Practicing gratitude is easy, and our executive coach, Louise Otton, has outlined some ways to do it in her blog, “3 ways to practice gratitude (and feel better)”
But why should you practice gratitude? Here Louise explains 4 top benefits:
- Being positive is good for you.
- It’s the antidote to depression.
- Appreciating others can deepen relationships.
- It strengthens your sense of self-control
1. Being positive is good for you.
It helps override your brain’s negativity bias. We are hard wired to look for threats, that is our survival mechanism. As a result, our brains are constantly scanning for what might go wrong, or what has gone wrong and how to avoid it again, which can trigger the stress response to fight or flee. We are much more like to remember a mistake or what we don’t like about somebody, rather than what went well, unless we consciously choose to do so. However, gratitude reverses this and forces us to look for the good, in return turning off the stress response and creating calm.
2. It’s the antidote to depression.
Did you know that you cannot be sad and happy at the same time? Grateful thoughts are inversely related to sad ones. Think about it, have you ever done this? By encouraging your conscious thoughts to focus on what has gone well or what you are grateful for, you can instantly switch your mind into a happier state, which can help to reduce stress and anxiety.
3. Appreciating others can deepen relationships.
Gratitude encourages you to show more appreciation and compassion to other people, which you may not always remember to do. We are all so busy in our lives that we often forget to thank people in a meaningful way. By doing this you create a stronger bond with colleagues, clients, and in your personal relationships.
4. It strengthens your sense of self-control.
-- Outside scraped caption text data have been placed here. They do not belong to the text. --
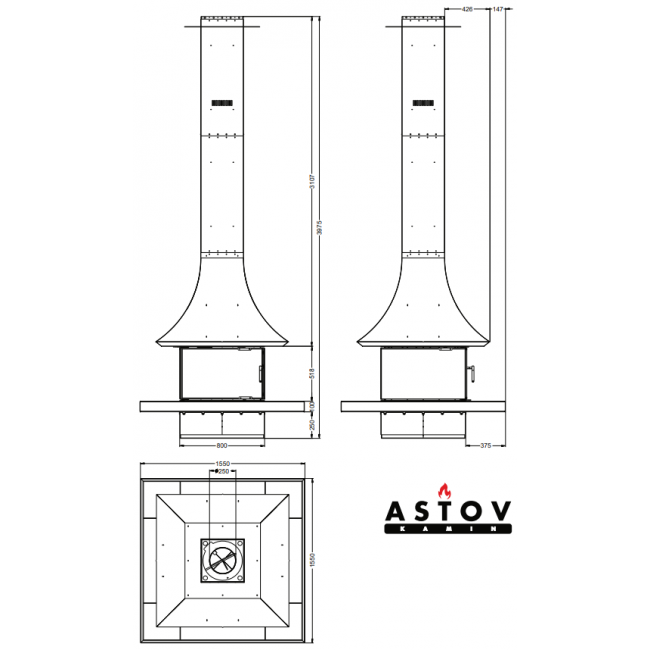 Камин ASTOV Арт П4С 800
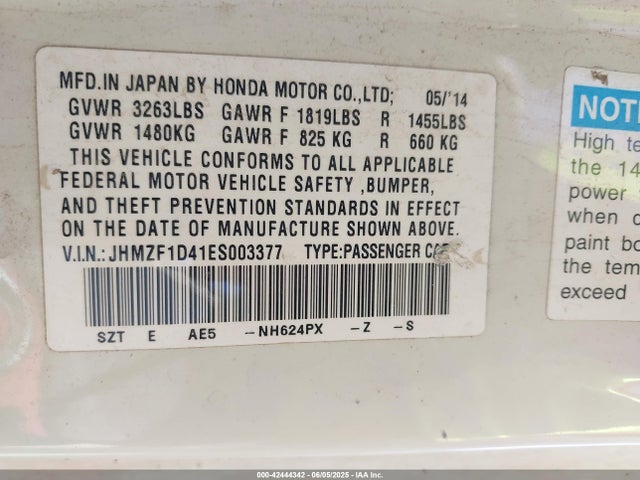 Honda lea1 2014 JHMZF1D41ES003377 Image 9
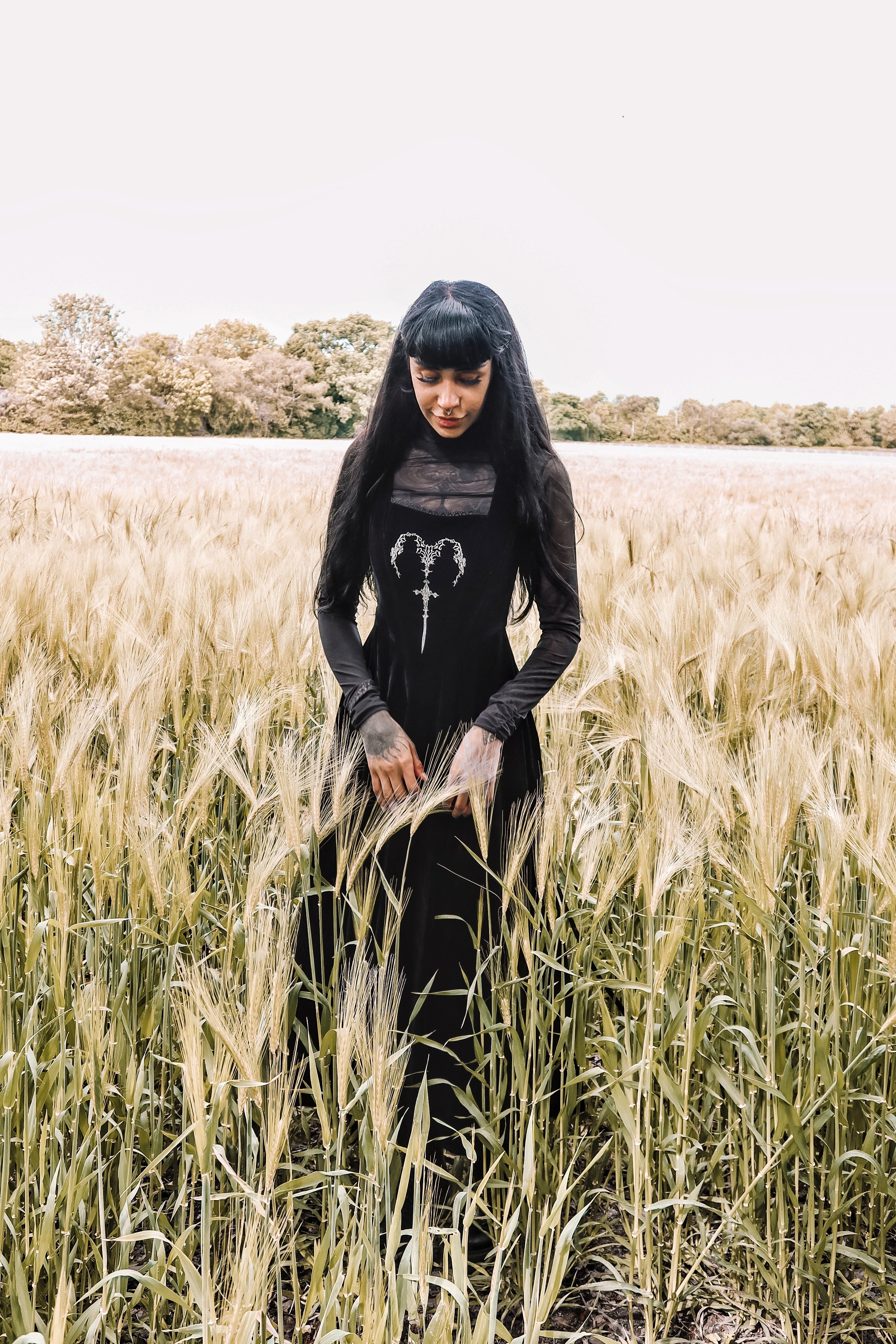 Dark in Love Lux Black Velvet Horn Embroidery Gothic Maxi Dress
Gratitude practice teaches you to examine what you have and who you have in your life, focusing on a sense of abundance rather than longing. The functional parts of your life tend to be the areas where you feel in control and comfortable. Rather than worrying about what could go wrong, or what you haven’t got, you are able to build a greater sense of control by focusing on what you actually have and what you’ve achieved. This reinforces overall optimism and a greater sense of wellbeing and happiness.